The first thing I look at when I am thinking about a knife is how it interfaces with my hand. Is it comfortable, do I have control, does it provide me a variety of grips, and is the handle sturdy. If I can't get a good grip or use it comfortably then I am not interested no matter how nice the knife or how good a deal. I passed on a smoking deal on a smaller custom dozier not long ago simply because I couldn't get a good grip.
After that I look at the blade itself. For a general purpose knife I want between a 4 and 5" blade. I prefer tougher stainless steels that hold an edge well. I really dislike coatings as I find they can make the blade drag in the cut. I like a blade that has a strong sturdy point, and generally prefer a full flat grind since it allows you to run a thicker spine, but still cut weight. I also find they glide through the cut well. I do have a couple of knives were the final edge is a chisel grind and I have to admit they are very easy to touch up, and cut well. I like gimping on the spine and on the but and where the small finger falls. Finally, I want a nice full belly. There are lots of arguments for and against these preferences, but those are mine. Plenty of bush wise guys like Rod G, who KNOWS the riddle of steel like on of Krom's own, likes the Scandia style and makes phenomenal ones, but my tastes just lie elsewhere. It doesn't mean that they are wrong and I am right, but rather if the knife cuts and works for you then it cuts and works for you.
I dislike blades that are 1/4" thick especially if they don't have a full flat grind. They are heavy and in my experience only really good at chopping unless proper attention has been given to blade profile.

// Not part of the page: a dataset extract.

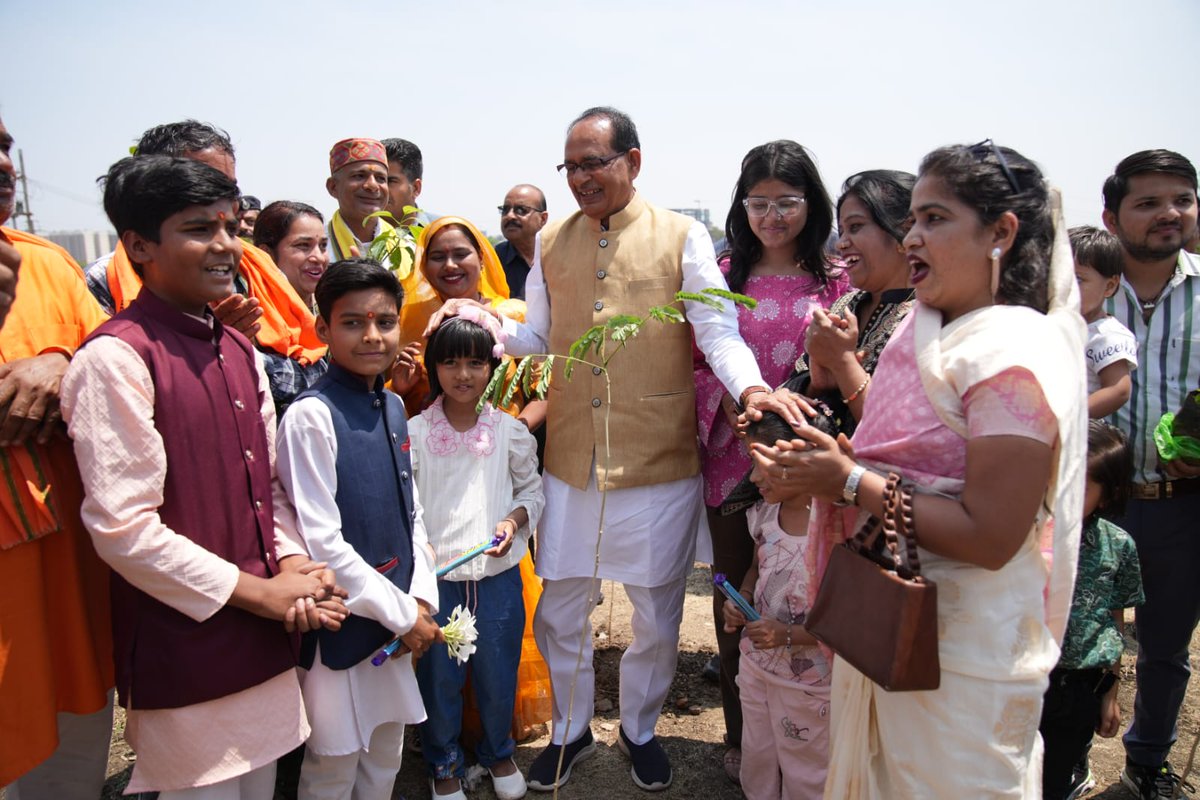 charansing50205's tweet image. जन्मदिन के शुभ अवसर पर मामा जी के साथ पौधा रोपण किया#fypreelsシ゚viralシ #Informative #socialmediachallenge #craters #chandresh kushwah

As far as particular knives, it is really hard to beat the esee line, but I would definitely opt for uncoated. If you can find them used the Cold Steel SRK and Master Hunter are worth a look, but they are a bit thick. Tops has some outstanding blade designs, and a lot of gimmicky crap to be fair, but I find their edge profile to be poor so expect to reshape the edge, and there sheaths vary from poor to great. In general CRKT makes great knives, and I think they might have some sheath knifes that fit your price range. I really like the looks of the new Boker Exodus, but don't have any hands on time with them. A couple of the other Beckers that Kabar has look like decent knives, but I haven't handled them. I was also serious about just a good old fashioned Kabar, but they are a bit long. Some of Blind Horses' knives are close to you price range and they have a great reputation. I have handled a couple but don't have any hands on time. After looking around most of what I like in knifes put them in the hunting knife category not the bush craft survival category.
Finally, the Blackjack 125 is a pretty faithful copy of my Randall Trapper, which is the do it all knife I keep coming back to after dalliances with other blades.
My current go to knives:
choppers/brush knives - Spyderco Hossom Woodlander and Kershaw Outcast
Medium knives - Randall Trappers Model (really my only complaint with this knife is it is a bit heavy)

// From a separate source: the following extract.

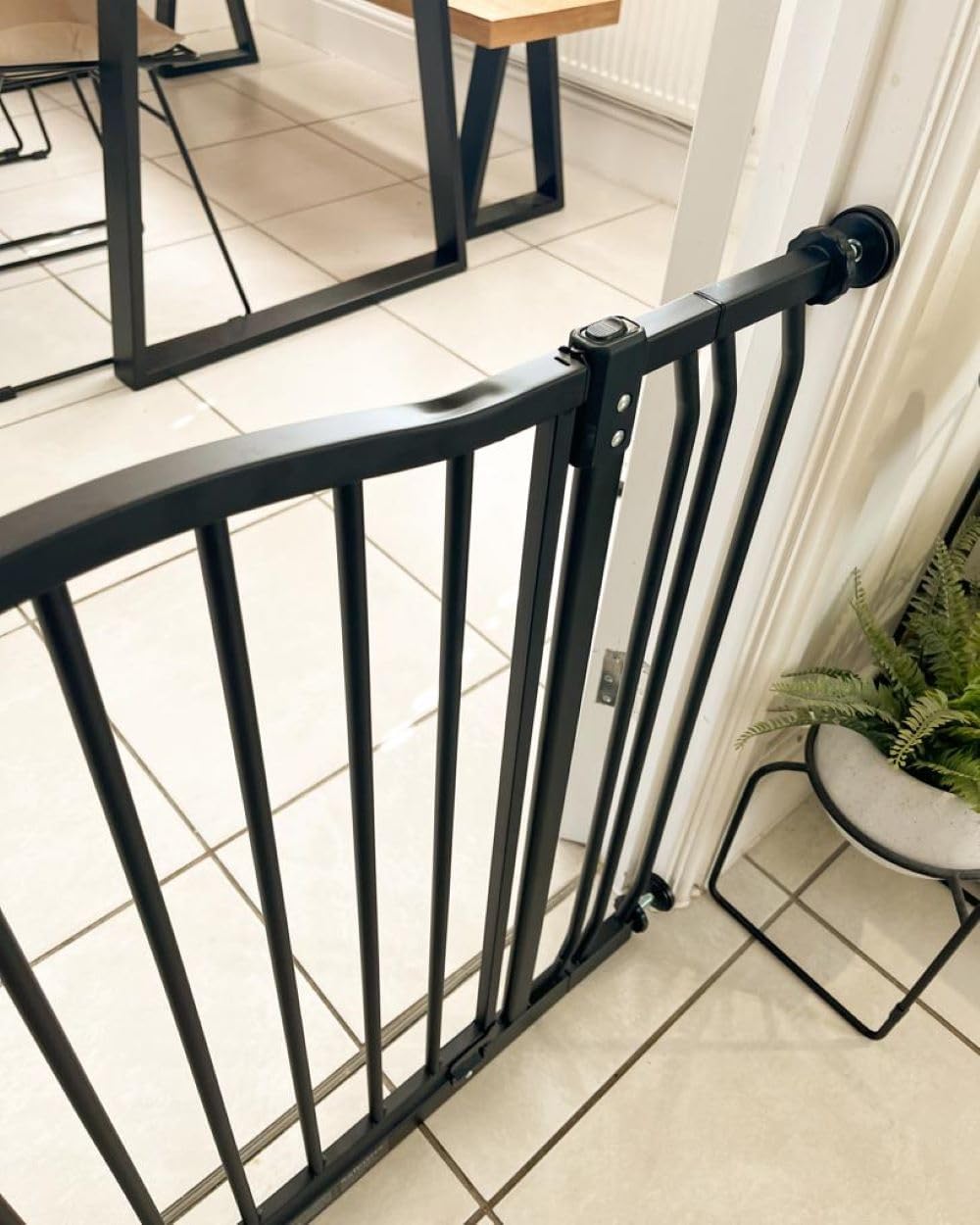 Gebogenes Hundetor für einfache Installation, Schwarz 71cm - 80cm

Smaller/lighter knives - Surefire Echo, Halloran 360
Folders - Emerson Super Commander and Utecom
I also have a Spyderco Hossom Dayhiker that I picked up cheap without a sheath that I have put a lot of work into reshaping the edge, and I am using as a kitchen knife right now to see how I like it. Then I will have to source a sheath for it, or make one. That would fall in the Medium Category.
The reality is that my pocket knife gets 99% of my knife use especially if I am going to be wearing a pack belt. It is just to handy a way to carry a blade.